Chaturvedi Sonali, Seo Jang-Kyun, Rao A L N
Department of Plant Pathology & Microbiology, University of California, Riverside, CA 92521-0122, United States.
Department of Plant Pathology & Microbiology, University of California, Riverside, CA 92521-0122, United States.
Virology. 2016 Jul;494:47-55. doi: 10.1016/j.virol.2016.04.001. Epub 2016 Apr 11.

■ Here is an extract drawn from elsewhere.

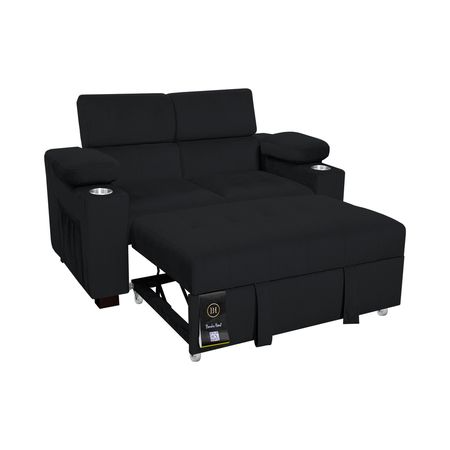 Sofá Cama Baltimore con Porta Vasos y Bolsillos Laterales 2 plz Gris Claro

Here, we evaluated the role of two host proteins, a Bromo domain containing RNA binding protein (BRP1) and Glyceraldehyde 3-phosphate dehydrogenase (GAPDH), in the replication of Cucumber mosaic virus (CMV). LC-MS/MS analysis of host/viral proteins pull down against BRP1 from CMV-infected plants co-infiltrated with BRP1-FLAG agroconstruct identified that BRP1 specifically interacts with a ten amino acid motif (843-SPQDVVPLVR-852) encompassing the helicase domain of replicase protein p1a. The interaction between BRP1 and p1a was subsequently confirmed using a BiFC assay. Among fourteen other host proteins identified to interact with BRP1 during CMV infection, six were found to block accumulation of viral progeny in Arabidopsis thaliana lines defective in each of these host proteins. Additional BiFC assays followed by trans-complementation assays identified that plant lines defective in the expression of GAPDH blocked CMV replication by interfering with p1a:p2a interaction. Distinct roles of BRP1 and GAPDH in the replication of CMV are discussed.
在此,我们评估了两种宿主蛋白,即含溴结构域的RNA结合蛋白(BRP1)和甘油醛-3-磷酸脱氢酶(GAPDH)在黄瓜花叶病毒(CMV)复制中的作用。对用BRP1-FLAG农杆菌构建体共浸润的CMV感染植物中与BRP1相互作用的宿主/病毒蛋白进行的液相色谱-串联质谱(LC-MS/MS)分析表明,BRP1与一个包含复制酶蛋白p1a解旋酶结构域的十个氨基酸基序(843-SPQDVVPLVR-852)特异性相互作用。随后使用双分子荧光互补(BiFC)分析证实了BRP1与p1a之间的相互作用。在CMV感染期间鉴定出的与BRP1相互作用的其他十四个宿主蛋白中,发现有六个在这些宿主蛋白各自缺陷的拟南芥品系中阻断了病毒后代的积累。随后进行的补充实验的额外BiFC分析表明,GAPDH表达缺陷的植物品系通过干扰p1a:p2a相互作用来阻断CMV复制。本文讨论了BRP1和GAPDH在CMV复制中的不同作用。